## What to do
Transcribe the entries exactly as given and skip whatever images they hold.

## Records shown
· · · · · · ·
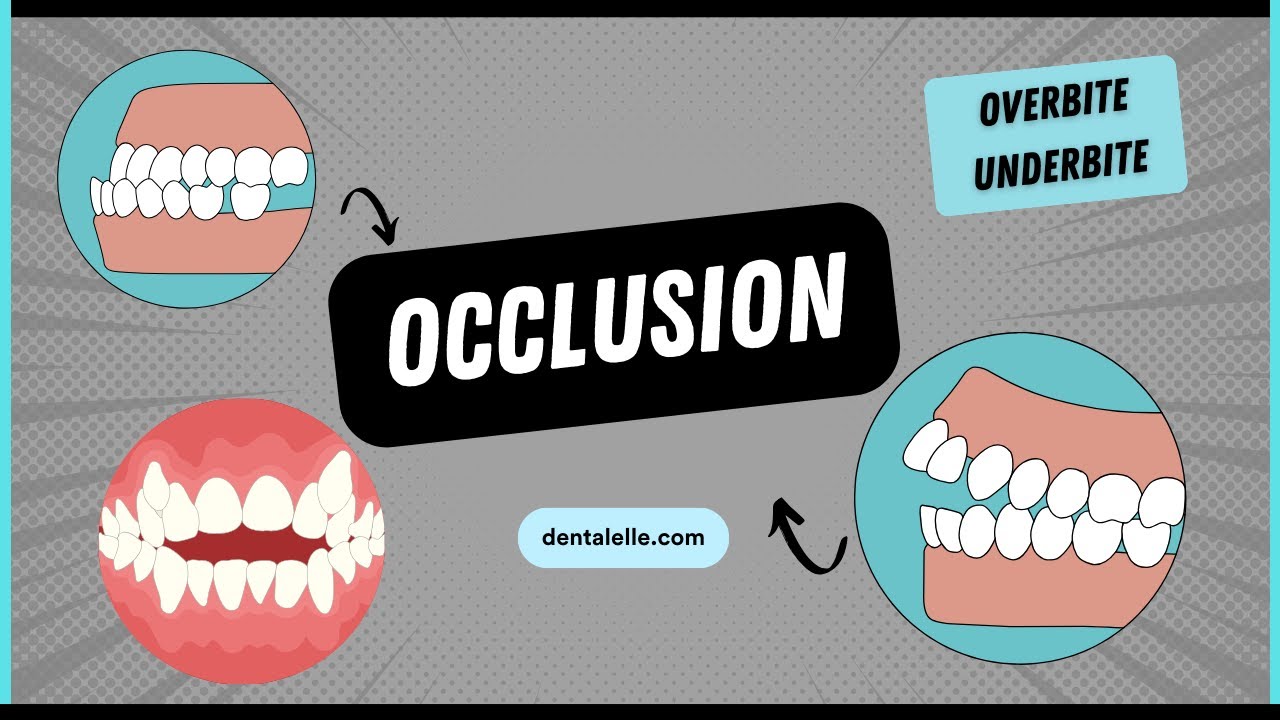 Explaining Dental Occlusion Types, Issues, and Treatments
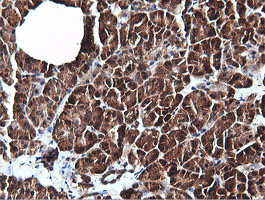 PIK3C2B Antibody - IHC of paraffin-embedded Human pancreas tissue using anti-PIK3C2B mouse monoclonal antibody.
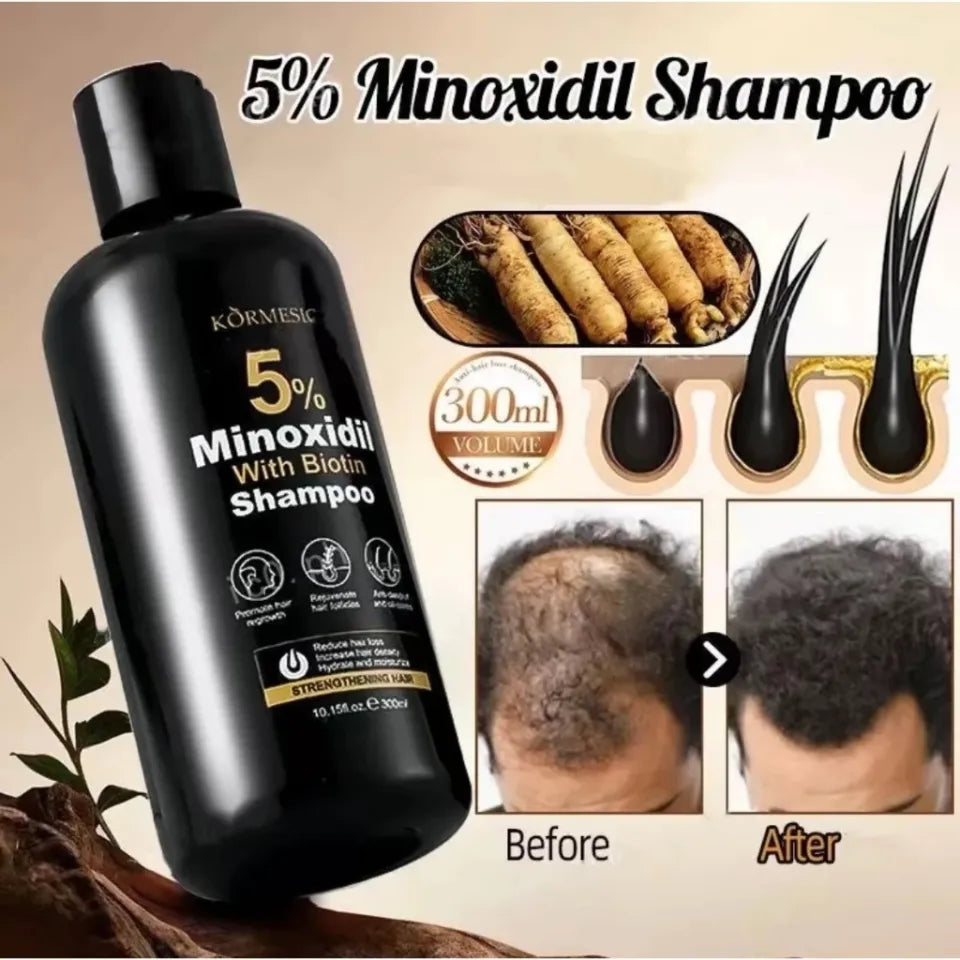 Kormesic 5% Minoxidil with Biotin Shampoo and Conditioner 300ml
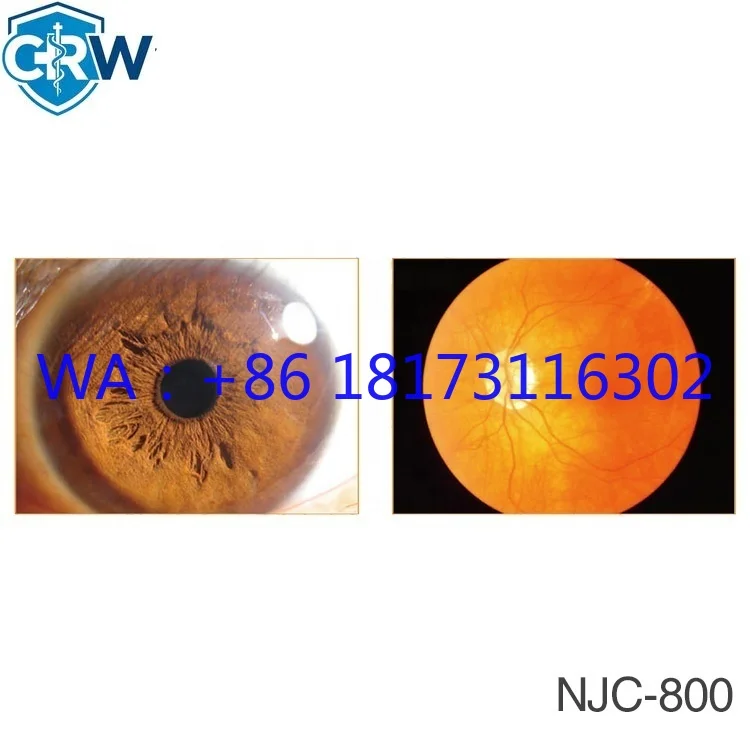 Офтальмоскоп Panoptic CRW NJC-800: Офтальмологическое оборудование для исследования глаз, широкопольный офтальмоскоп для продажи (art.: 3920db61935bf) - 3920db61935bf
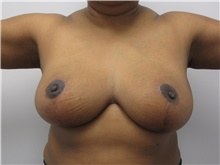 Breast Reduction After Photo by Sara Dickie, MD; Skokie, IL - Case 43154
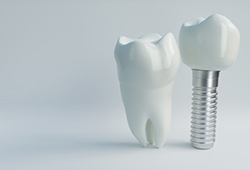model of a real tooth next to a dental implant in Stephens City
· · · · · · ·
## Output
 Explaining Dental Occlusion Types, Issues, and Treatments
 PIK3C2B Antibody - IHC of paraffin-embedded Human pancreas tissue using anti-PIK3C2B mouse monoclonal antibody.
 Kormesic 5% Minoxidil with Biotin Shampoo and Conditioner 300ml
 Офтальмоскоп Panoptic CRW NJC-800: Офтальмологическое оборудование для исследования глаз, широкопольный офтальмоскоп для продажи (art.: 3920db61935bf) - 3920db61935bf
 Breast Reduction After Photo by Sara Dickie, MD; Skokie, IL - Case 43154
model of a real tooth next to a dental implant in Stephens City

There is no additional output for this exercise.